E.coli sickens 38 people with link to salad
By Joe Whitworth, 08-Sep-2015
E.coli linked to prepacked salads has sickened 38 people in the UK, according to Public Health England (PHE).
The agency said there is also one probable case and four possible ones for which results are pending. Onset dates for confirmed and probable cases range from 29 July to 12 August.
Investigations to determine the exact source and cause of contamination are ongoing.
FoodQualityNews has contacted PHE to find out more information so will update this article when the agency responds.
Verocytotoxigenic E.coli (VTEC) serotype O157 phage type 8 vero-toxin type 2a were found to be genetically clustered by whole genome sequencing (WGS) and to share the same SNP address.
Analysis of enhanced VTEC questionnaires found that 33 of 38 confirmed members of the cluster ate pre-packed salad and that 19 of these had purchased the salad at the same supermarket chain.
A survey with 24 confirmed cases indicated the most common exposures were to two salad products from one supermarket chain which share one ingredient.
Traceback has identified one packer/distributor which is supplied by three farms. Samples are being collected from the supermarket chain outlets visited by cases, the distributor/packer and from the supply farms, said PHE.
In England, the majority of confirmed cases (seven each) are from Anglia and Cheshire and Merseyside, with 14 additional Health Protection Teams across the country also affected and reporting between one and three cases each. Most are female aged 18 to 73 years.
Meanwhile, the agency has provided an update on the cyclospora outbreak associated with travel to Mexico ongoing since 1 June . As of 2 September, 69 cases have been reported in England, Scotland and Wales, of which 39 are confirmed by a reference laboratory.
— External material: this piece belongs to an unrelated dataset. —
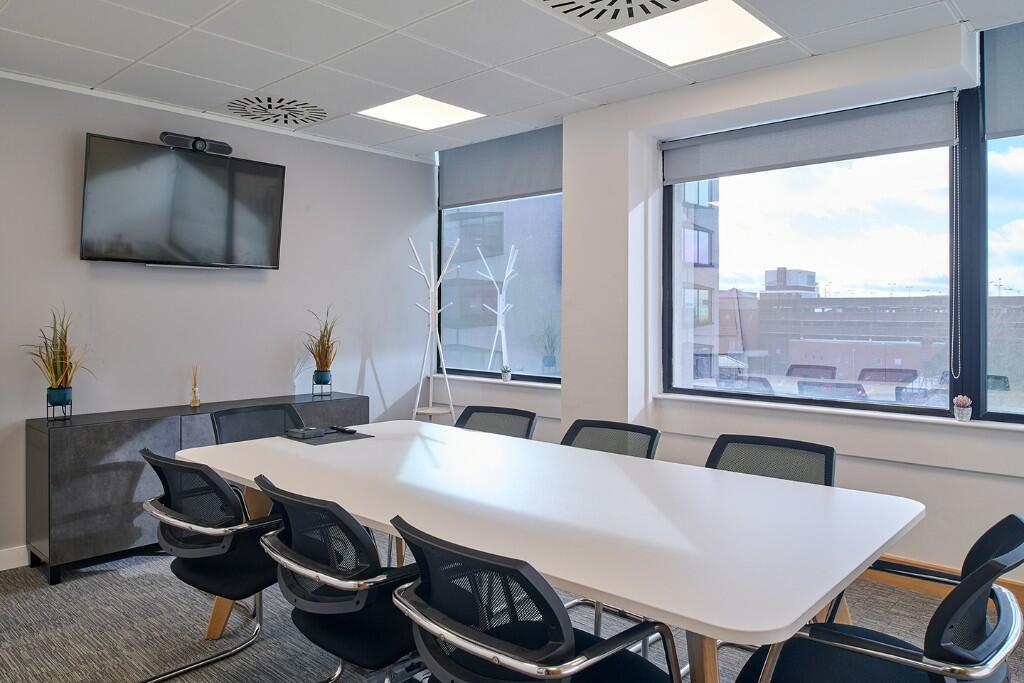 Additional image 11 of Radcliffe House, Blenheim Court, Solihull, West Midlands, B91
Six cases in England are awaiting travel history information.
Where information is known, cases have been to hotels and resorts on the Riviera Maya coast of Mexico, most of which have their own water supply, suggesting the source is likely to be a food product distributed to several hotels, said PHE.
The latest known date of onset of illness is 7 August but onset dates are awaited for 11 cases in England, so it is unclear if the outbreak is still ongoing.
“The UK travel industry is aware of the outbreak and tour operators have been given information about cyclospora in order increase awareness of the infection among travellers to Mexico. Investigations into the cause of the outbreak by Mexican health authorities are ongoing,” said PHE.
Cyclospora infection from 30 states has sickened 495 people in the US, according to the Centers for Disease Control and Prevention (CDC). Cluster investigations in Wisconsin and Texas have preliminarily identified cilantro as a suspect vehicle. Previous outbreaks of cyclosporiasis have been linked to imported fresh produce, including cilantro from the Puebla region of Mexico.
The Public Health Agency of Canada (PHAC) is investigating 92 cases of Cyclospora infections in Ontario, British Columbia, Alberta, and Quebec.
Cyclospora is a microscopic single-celled parasite that is passed in people's feces. If it comes in contact with food or water, it can infect the people who consume it. This causes an intestinal illness called cyclosporiasis.